Although the Supreme Court of the United States has ruled that the experience of other employees might be admissible as evidence in an individual workplace discrimination case, relevancy is a key factor. Employees in California trying to prove unfair treatment at work might gain admission of evidence about other employees if those people held similar positions, belonged to the same protected class or worked under the same supervisors or managers.
Although experiences of other employees might be viewed as indirect or circumstantial evidence, discrimination cases typically lack direct evidence such as a manager stating that someone did not gain a promotion because she was a woman. A U.S. Court of Appeals for the 4th Circuit decision validated the notion that discrimination by its nature included a comparison of management’s treatment of multiple employees. For example, promoting a white candidate with less experience than a dozen qualified African American candidates illustrates possible discrimination.
Time could also play a role in showing the relevancy of the experiences of other workers. A court might examine whether or not multiple people experienced the same type of treatment at about the same time as a plaintiff. Similarity in job duties could matter as well. People do not need to hold identical positions to have their treatment compared. They might still be comparable if they had the same supervisor and performed similar tasks.

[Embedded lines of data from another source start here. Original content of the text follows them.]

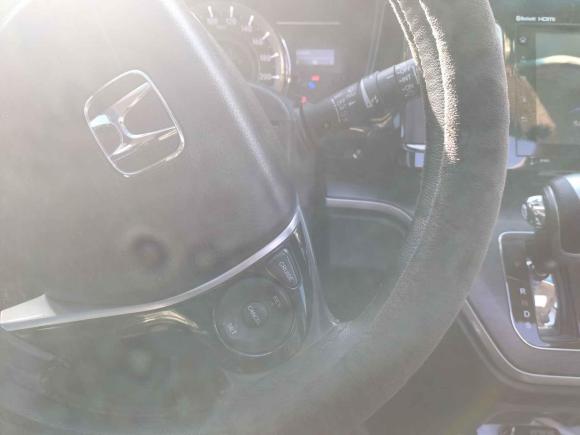 [北京·京M] 二手本田艾力绅2016款 2.4L 风尚版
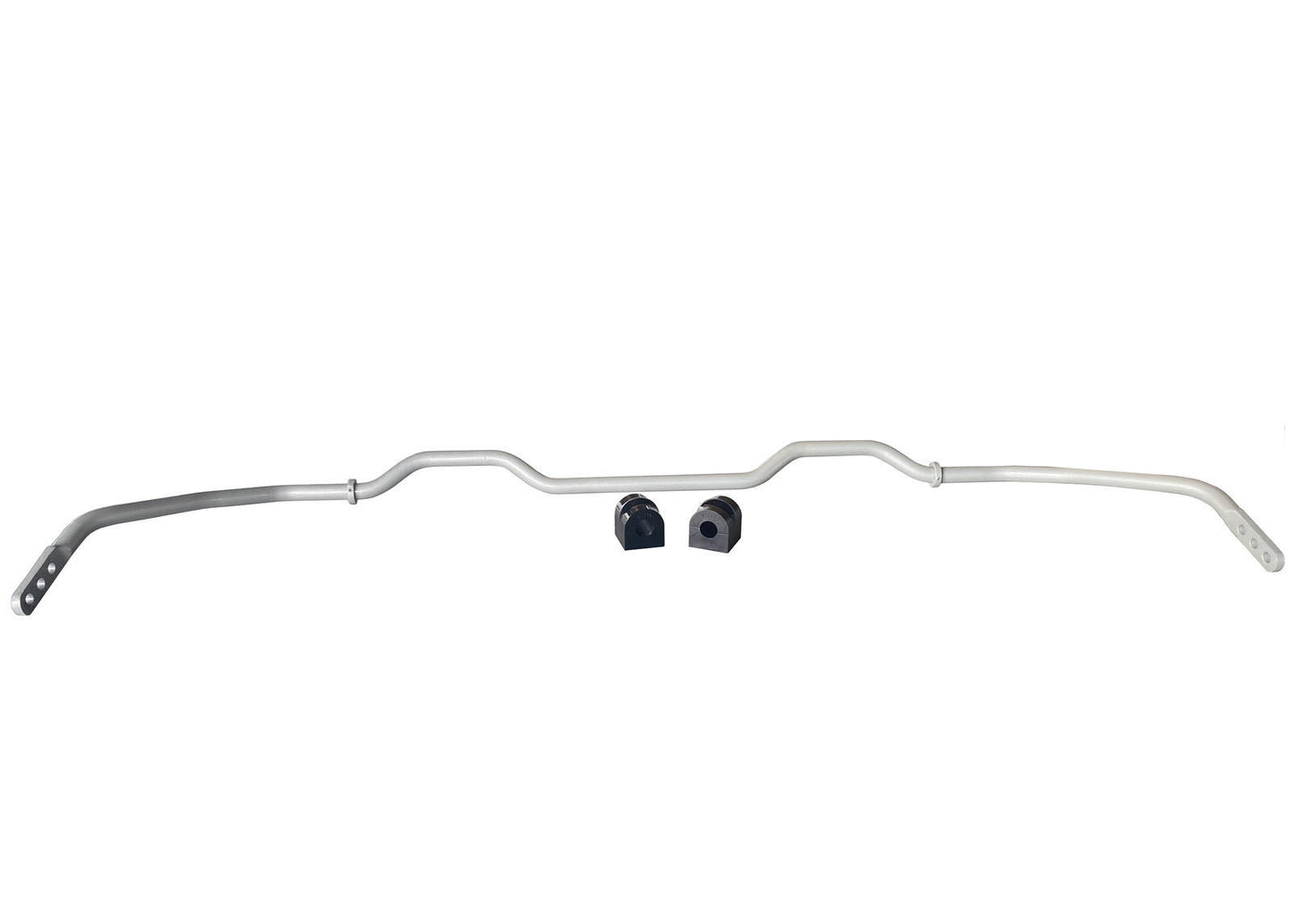 Whiteline Rear Sway Bar - 20mm 3 Point Adjustable to Suit Tesla Model 3 Awd | BTR101Z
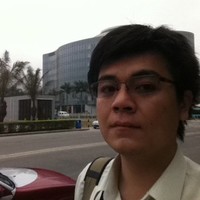 Stanley Tseng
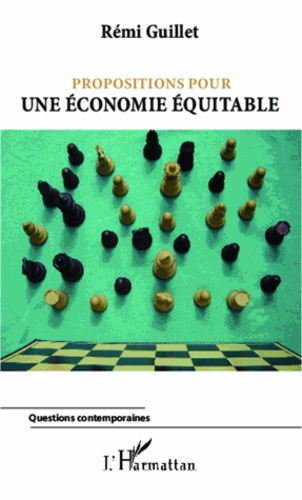 Propositions pour une économie équitable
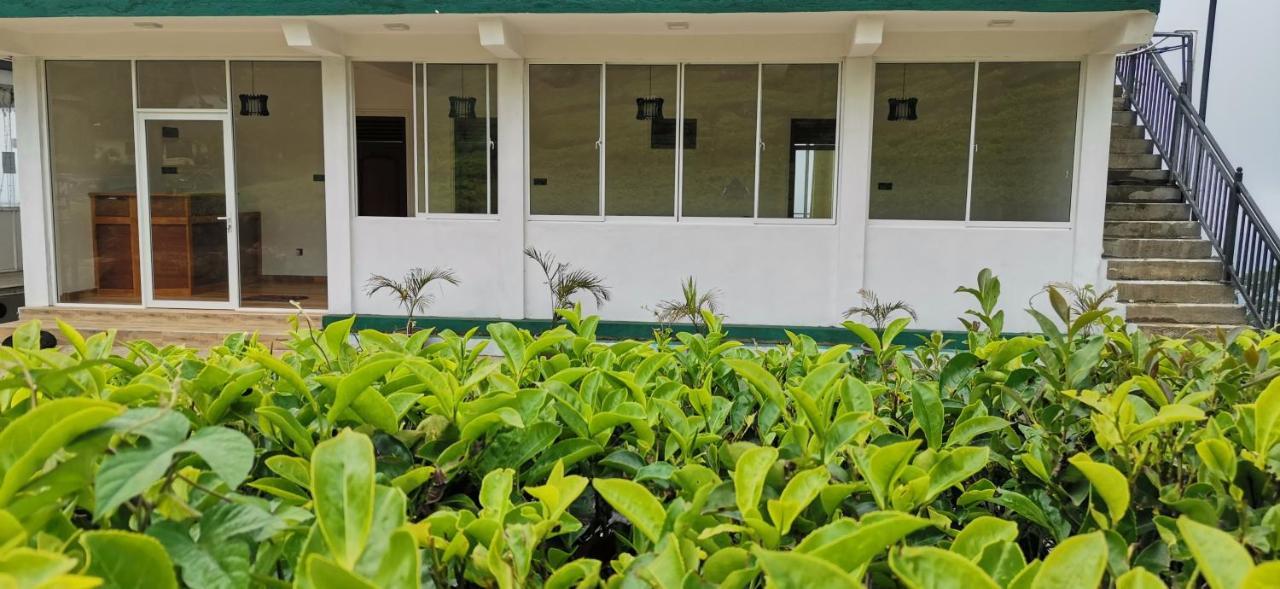 Nilowin Glenanore Guesthouse Haputale Buitenkant foto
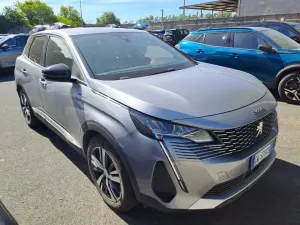 Peugeot 3008 1.6 Allure Pack 2023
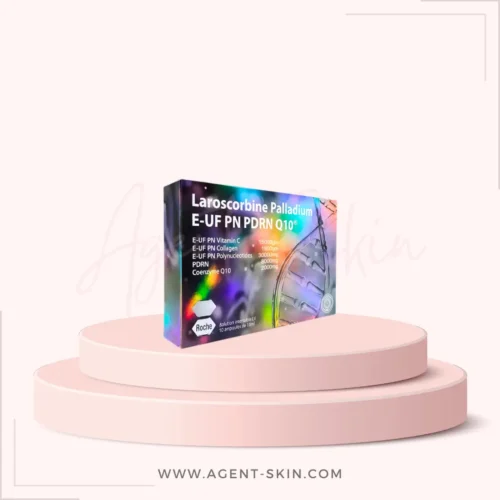 Laroscorbine Palladium E-UF PN PDRN Q10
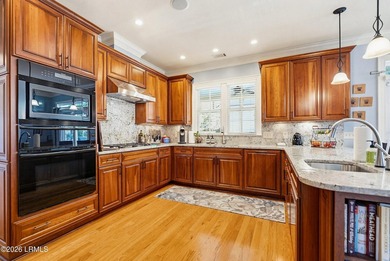 Welcome to 25 Timber Trail, an exceptional Lowcountry residence - photo 27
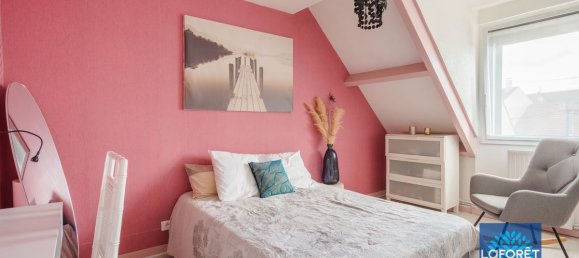 4 Schlafzimmer Haus in Claye-Souilly, France, Nr. 184344 11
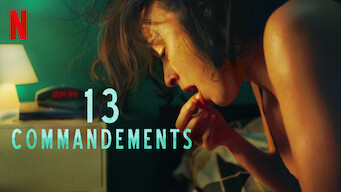 13 Commandements (2018)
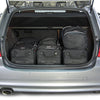 Reistassenset BMW 3 Serie Touring (E91) 2005-2012 wagon – productfoto 3
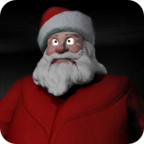 圣诞版:逃生模拟器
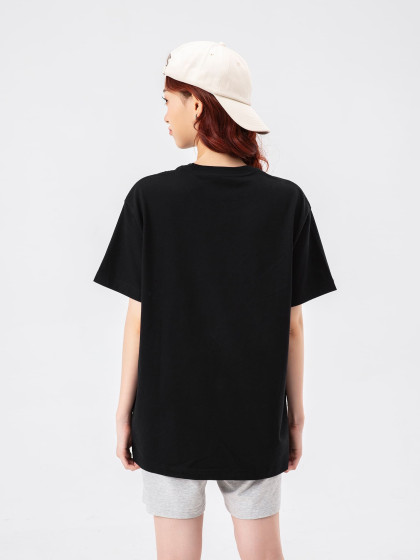 Áo thun Cotton Compact Hoa Cúc more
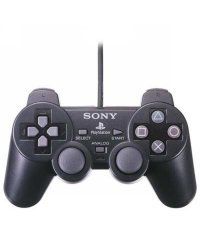 Kontroler DualShock 2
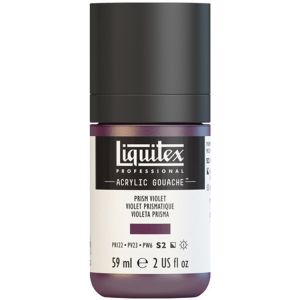 Liquitex Acrylic Gouache 59ml Prism Violet
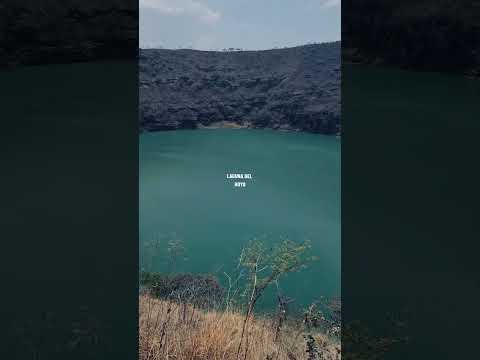 Laguna tan bella #nature #guatemala #paisajesextremos #jalapa #monjas #amorpersonal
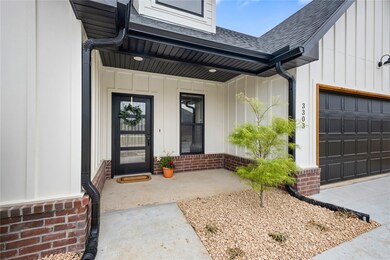 3303 SW Sandalwood Ave, Bentonville, AR 72713 - photo 2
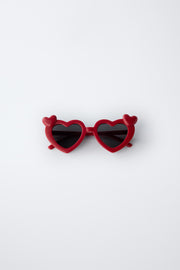 HEART SUNGLASSES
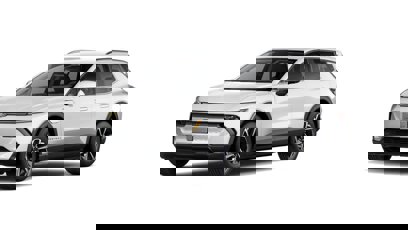 New 2026 Chevrolet Equinox EV LT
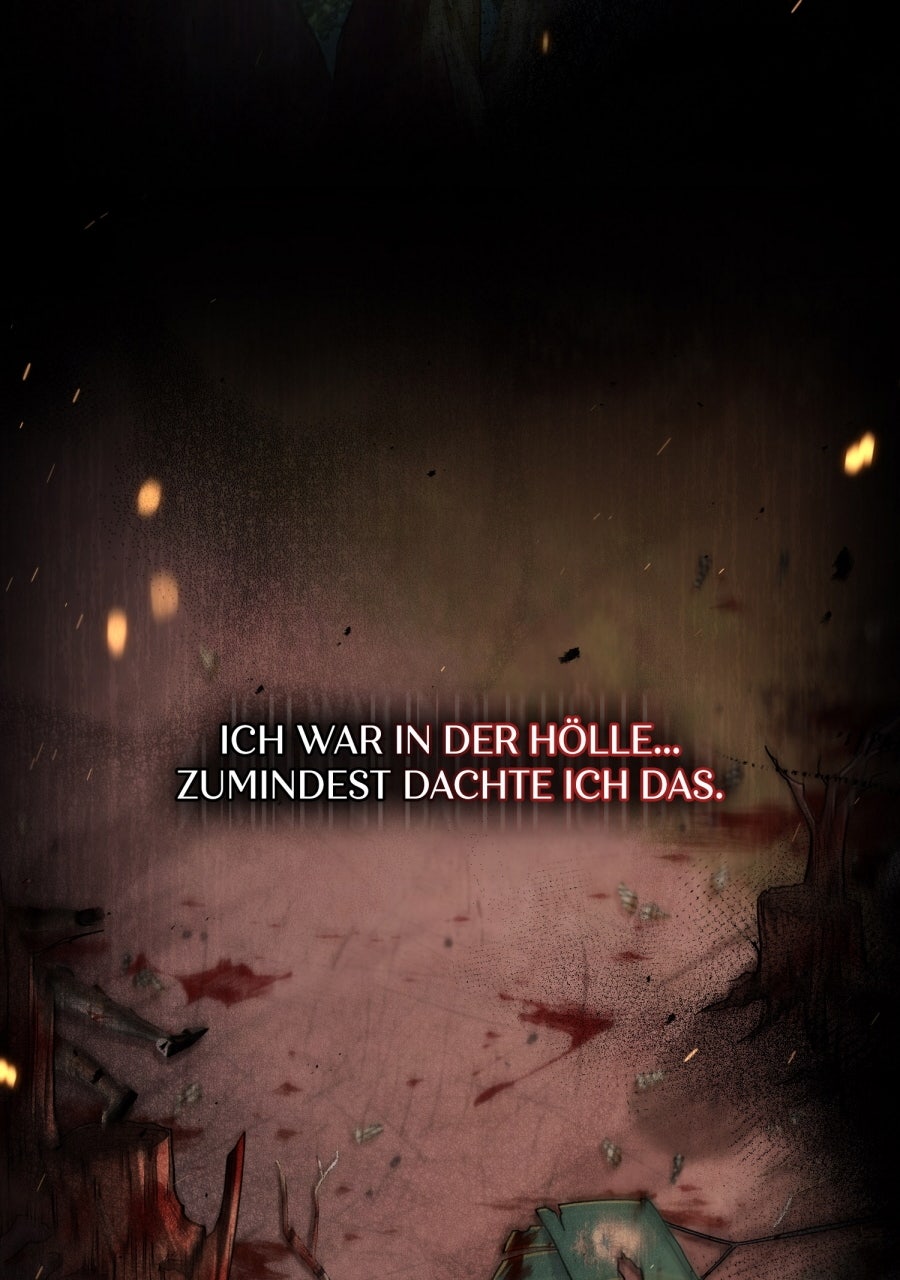 Read Der Erzfeind, den ich liebe Manga Online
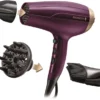 Remington Your Style D5219 -Pas Cher Fee Lisse Magasin remington your style d5219 seche cheveux 8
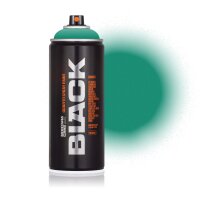 Spraydose Grün Atlantis Sprühfarbe 400ml...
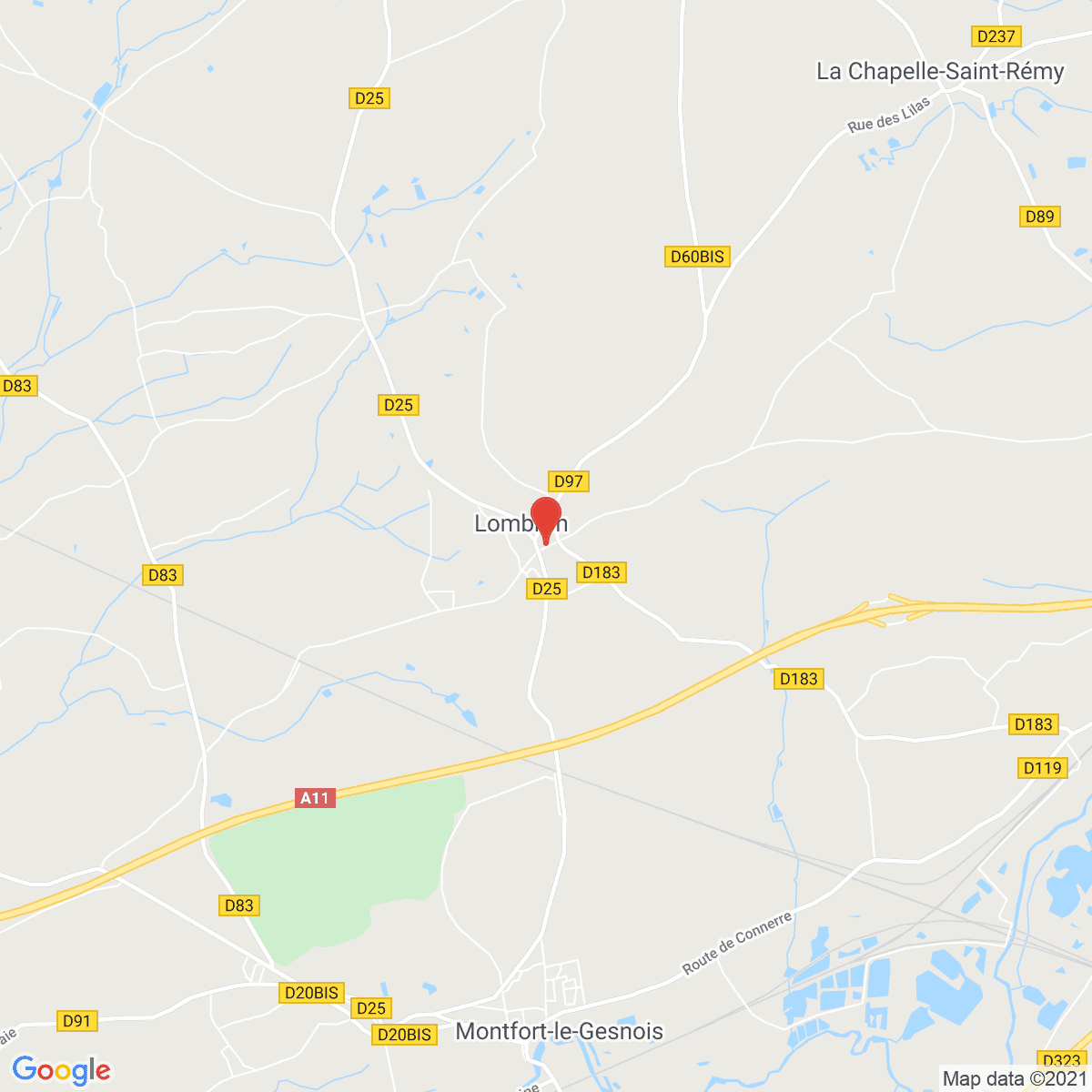 Lombron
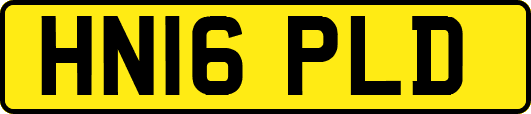 HN16PLD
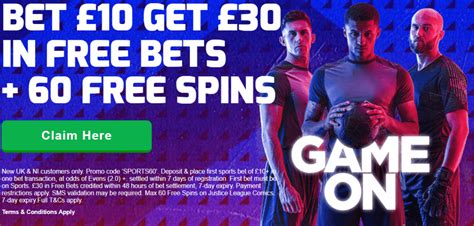 Bet 10 Get 30 .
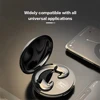 B13 Bluetooth Sleep Earphones Wireless Headset 5.3 With Comfortable Wearing Touch Control Headphone Earbuds For All Mobile Phone 5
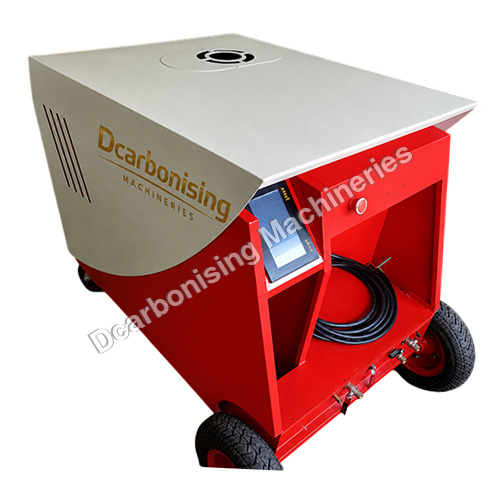 Automatic Steam Washing Machine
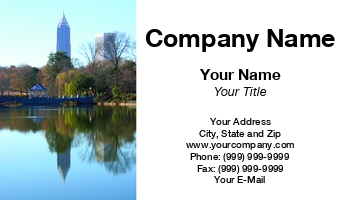 Featured Designs |--| At80657 | Atlanta | Darryl Brooks | Georgia | Skyline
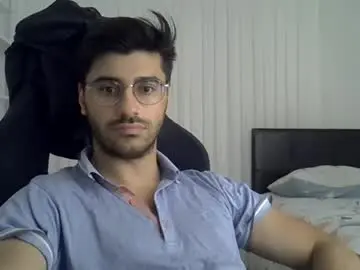 Chaturbate Private Sex Chat of fortiori8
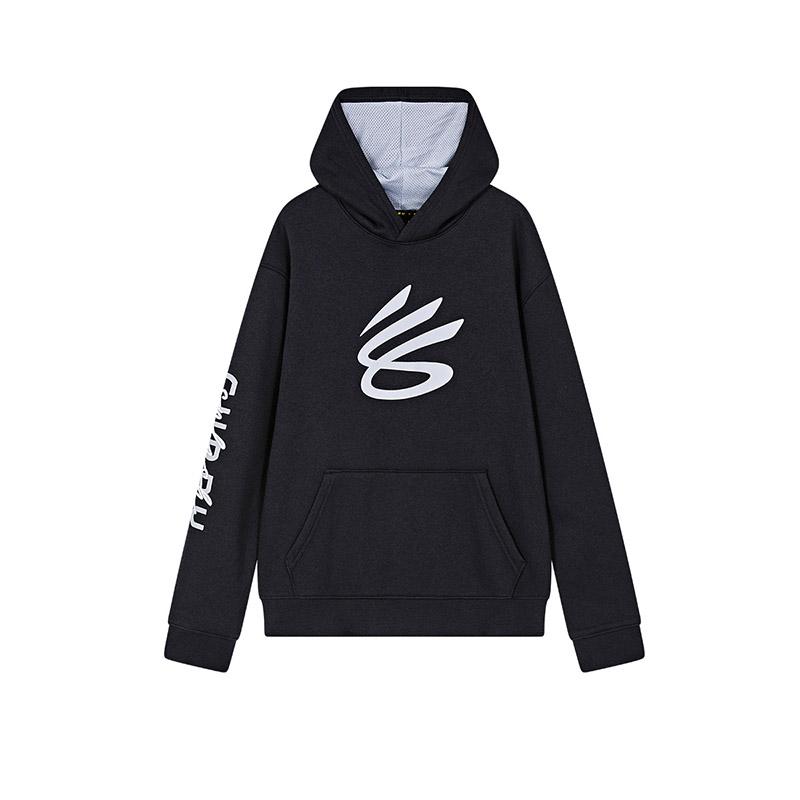 Under Armour Grade School Sweatshirts Hooded Thickened 1380333 150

A person seeking a legal remedy to workplace discrimination could discuss with an attorney the possibility of including co-workers’ experiences as evidence. To gather evidence for a lawsuit, an attorney might request payroll records, employee evaluations and correspondence with management. Direct interviews with co-workers might take place to gain statements about how they were treated. An attorney will strive to use this information within court filings to show a pattern of unfair treatment on the basis of race, gender, age or religion.